- Born: April 1, 1918 Detroit
- Died: February 14, 2021 (aged 102) Nashville
- Known for: Boothby-Wang construction
- Scientific career
- Fields: Mathematics
- Workplaces: Washington University in St. Louis Northwestern University
- Thesis: A Topological Study of the Level Curves of Harmonic Functions (1949)
- Doctoral advisor: Wilfred Kaplan

= William M. Boothby =

American mathematician (1918–2021)

William Munger Boothby (April 1, 1918 – February 14, 2021) was an American mathematician and professor emeritus of mathematics at Arts and Sciences at Washington University in St.
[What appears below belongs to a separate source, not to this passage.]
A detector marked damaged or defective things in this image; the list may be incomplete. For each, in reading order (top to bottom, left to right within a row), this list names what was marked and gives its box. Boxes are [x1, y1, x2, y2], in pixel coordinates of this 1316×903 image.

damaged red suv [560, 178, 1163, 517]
Louis, known for his work in differential geometry including the book An introduction to differentiable manifolds and Riemannian geometry (1975; 2nd ed. 1986).
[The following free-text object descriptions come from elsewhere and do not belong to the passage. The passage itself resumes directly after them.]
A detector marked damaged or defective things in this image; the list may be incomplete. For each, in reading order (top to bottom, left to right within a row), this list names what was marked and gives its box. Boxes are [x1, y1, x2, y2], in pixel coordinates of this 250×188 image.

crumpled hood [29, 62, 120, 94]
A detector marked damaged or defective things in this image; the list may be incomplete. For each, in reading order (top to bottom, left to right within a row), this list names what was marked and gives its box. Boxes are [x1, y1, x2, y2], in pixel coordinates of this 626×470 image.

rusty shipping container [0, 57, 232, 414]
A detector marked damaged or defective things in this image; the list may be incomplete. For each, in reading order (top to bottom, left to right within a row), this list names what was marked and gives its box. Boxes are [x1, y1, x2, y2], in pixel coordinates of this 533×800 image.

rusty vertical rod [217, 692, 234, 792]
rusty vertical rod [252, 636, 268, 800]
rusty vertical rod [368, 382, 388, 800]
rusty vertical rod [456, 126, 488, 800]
== Education and career ==
Boothby was originally from Detroit. He received a six-year scholarship to attend the Cranbrook Academy in Bloomfield Hills, and completed a degree at the University of Michigan in 1940. His graduate studies in mathematics were interrupted by World War II; he became a pilot for the United States Army Air Forces between 1942 and 1945.

He would complete a PhD at University of Michigan in 1949. His dissertation, A Topological Study of the Level Curves of Harmonic Functions, was supervised by Wilfred Kaplan.
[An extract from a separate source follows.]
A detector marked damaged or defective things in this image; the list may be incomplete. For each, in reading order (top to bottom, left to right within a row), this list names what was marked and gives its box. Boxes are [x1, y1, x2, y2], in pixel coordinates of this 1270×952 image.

He then joined as junior faculty Northwestern University. A one-year fellowship at ETH Zurich followed in 1950-51. He joined as a professor the Mathematics Department at the Washington University in St. Louis, until his retirement in 1988. In 1960-61 he visited the Institute for Advanced Study.

== Research ==
His early research concerned differential geometry, including harmonic functions, Hermitian manifolds and contact structures. In particular, he worked on contact manifolds together with Hsien Chung Wang, describing what is now known as the Boothby-Wang construction.

In 1975 he published a very popular textbook, An Introduction to Differentiable Manifolds and Riemannian Geometry, which "defined the curriculum and standard of the introductory graduate differential geometry course worldwide".

After publishing this book, his research interests shifted to control theory.